**RECORD SET**
--- START ---

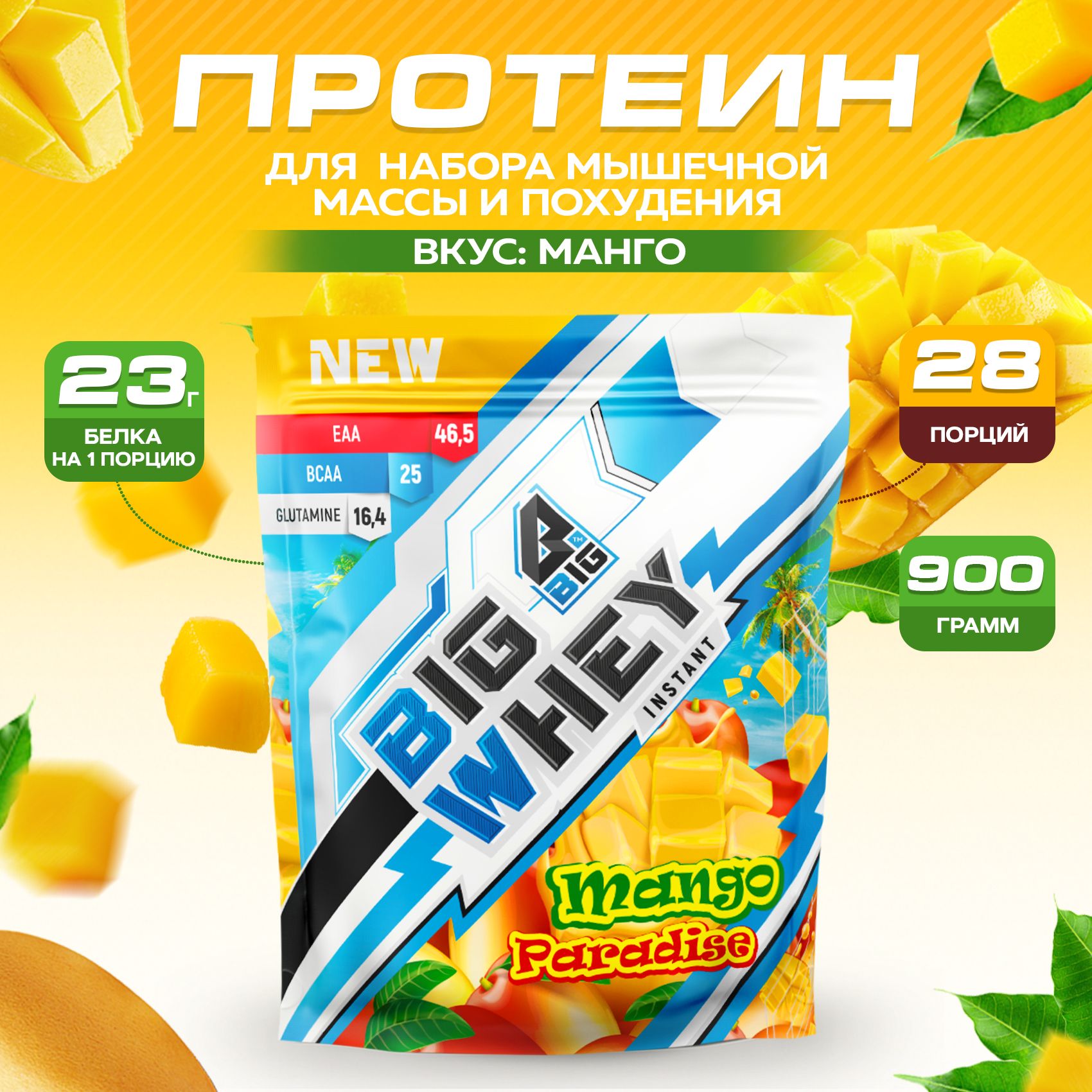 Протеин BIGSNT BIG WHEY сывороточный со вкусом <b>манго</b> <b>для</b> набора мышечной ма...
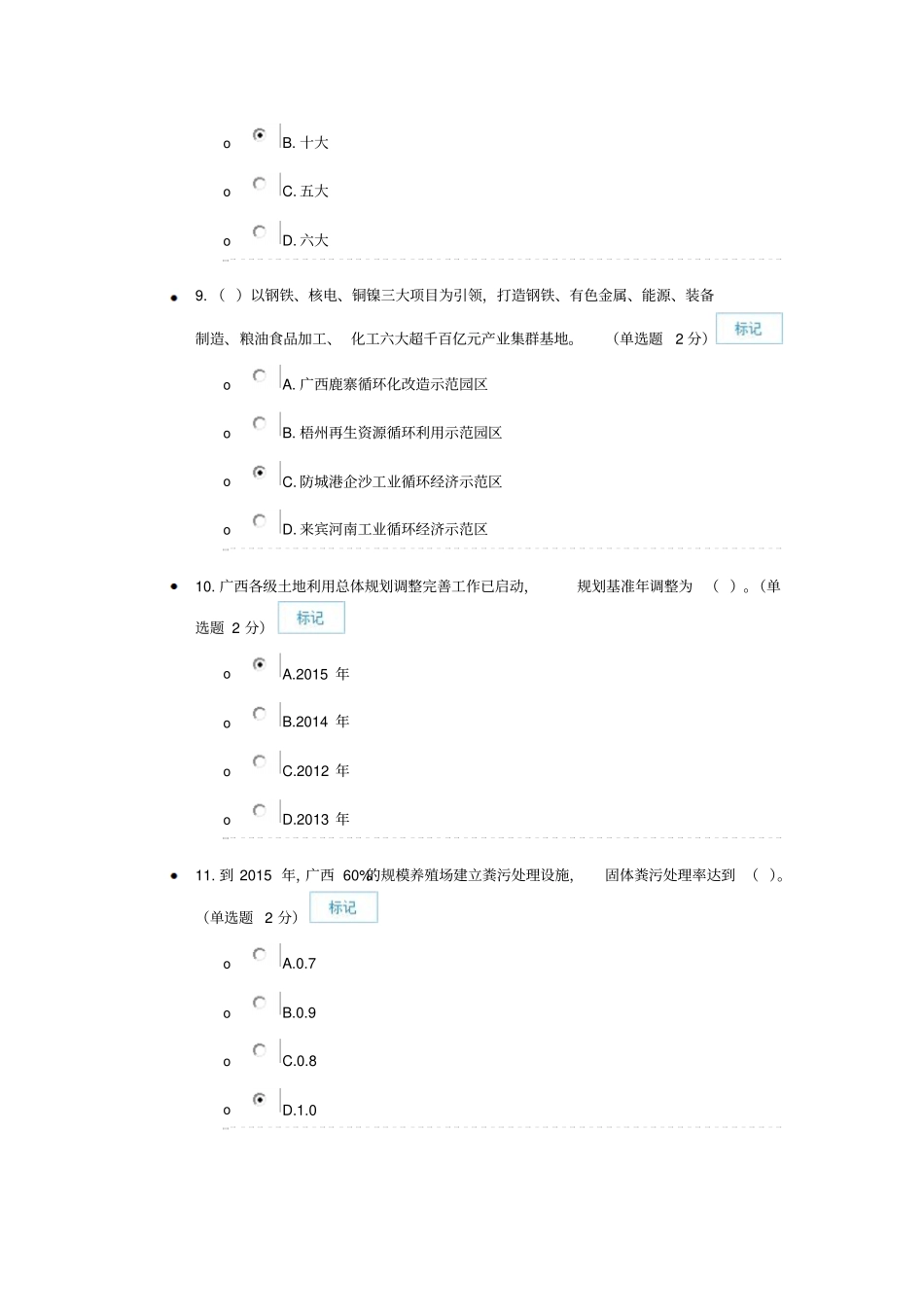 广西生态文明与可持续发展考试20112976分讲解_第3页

--- END ---
--- START ---

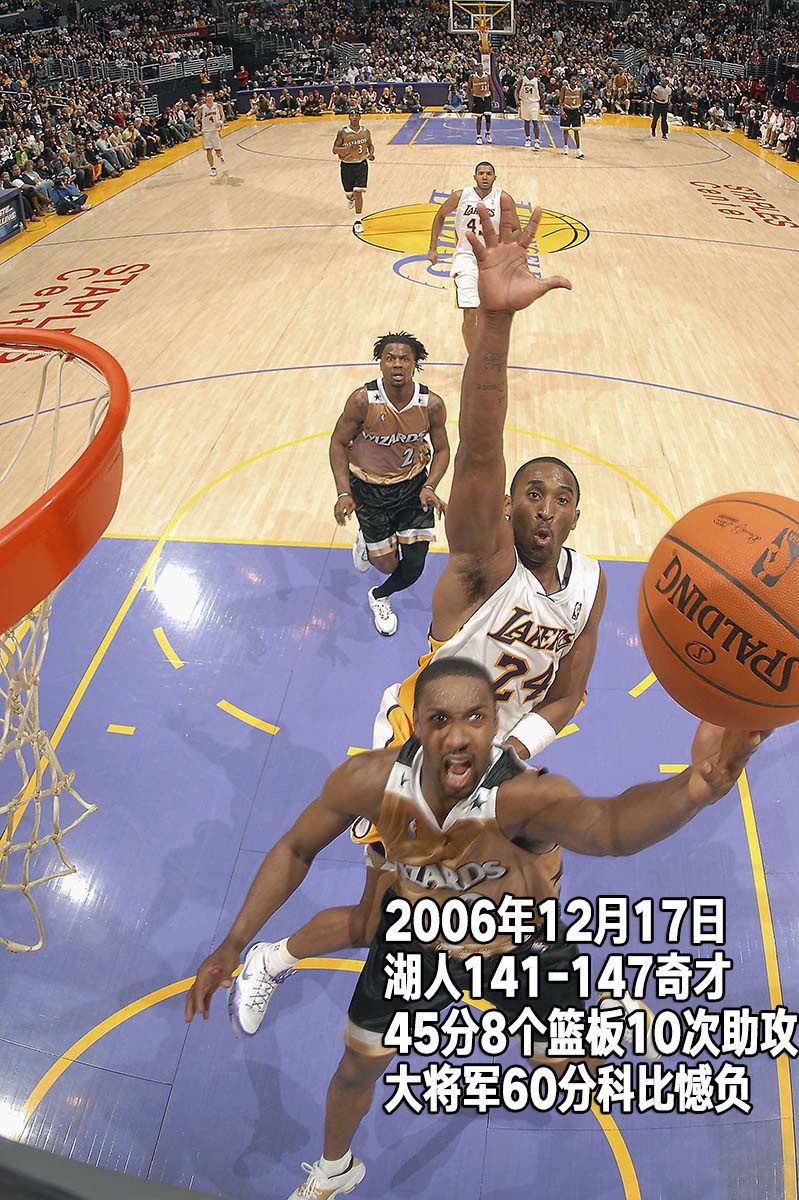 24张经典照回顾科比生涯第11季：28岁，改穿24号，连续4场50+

--- END ---

Every line above from the one with "Протеин BIGSNT BIG" down to the one with "广西生态文明与可持续发展考试20112976分讲解_第3页" must be written out exactly, and no picture may appear.

 Протеин BIGSNT BIG WHEY сывороточный со вкусом <b>манго</b> <b>для</b> набора мышечной ма...
 广西生态文明与可持续发展考试20112976分讲解_第3页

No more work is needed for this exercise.